How to build a workbench with a broken Ikea bed

The accident.

creek, creeeeek, crackle… CRACK!

We were sleeping on our bed when this suddenly happened. Rude awakening in the middle of the night.

But it was just the beginning of a beautiful story…

ominoRude awakening

The guilty’s name is Fjellse. An Ikea bed sold for 39€. I strongly believe that beds under 100€ price should be forbidden. Since I have been living in Berlin I felt persecuted by this cheap bed and its worthy partner, the dreadful Sultan Florvåg mattress! Landlords really love this couple. I don’t: it’s narrow, soft, unstable.

By the way, we went to Ikea and brought home (by tram) an identical one (I know it sounds stupid, but there are some reasons for that).

At that point I had one and a half Ikea bed. The first thing I did was using some of the parts of the old bed to strengthen the weak parts of the new one. I doubled the feet and added two wooden boards in the middle of the structure in order to increase the rigidity. But now I have many parts left!

Mmmmh free wood!

This was actually the first project I have done here.
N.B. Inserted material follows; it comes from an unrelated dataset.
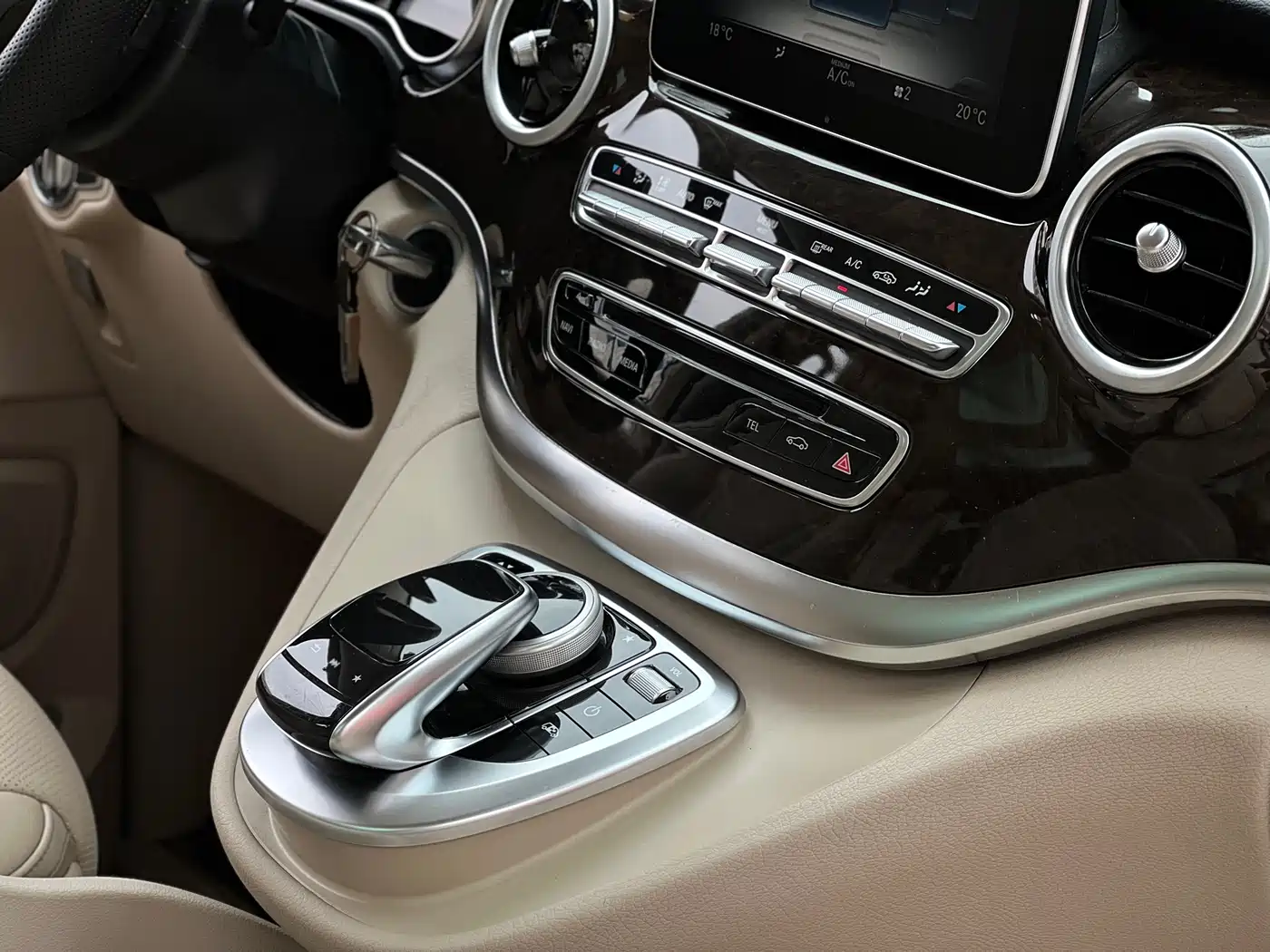Mercedes-Benz V-Class 2017 Model V 260 L Premium Extended Edition фото 13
I think you can’t be a Vitomakes without a proper workbench.

Anatomy of the patient

Anatomy of the patient

I need a workbench!

I analyzed the situation and checked how I could optimize and use the most parts I had.

  • I had 15 healthy slats coming from the broken bed. If you put 13 of them one next to the other you have a decent desk 70 cm x 97,5 cm big.
  • The remaining two will be used as legs, they are 70 cm tall, which is a pretty common measure for a table. I fixed them onto other wood boards which I cut with a hacksaw. Self-threading screws party on the other side! (always make a little hole with the drill before using the screw when working with soft wood) I used 2 long screws for each slab. The main issue here was to put everything in 90° corners. I trusted the tiles and the wall of my kitchen, and I used those and the wooden boards themselves as set-squares. It was tricky, but it worked!

Then I took the two long legs of the bed, and cut them 70cm. I cut the wide boards that from the “head” of the bed and tied them around with a self-threading screw party -2!

Add some extra screws, some 90° metal brackets here and there… et voilá!:

Ta - dan!

Does it differ a lot from the plan?

It’s not a super-robust workbench, it’s stable but the wood is very soft. But at least now I can shamelessly beat, burn, cut, solder! And now it’s my stable partner for this Vitomakes adventure, and you can see it in the background of almost any of my projects ❤

PS, in case my dear landlady reads this: everything is fine, you have a new, stronger bed!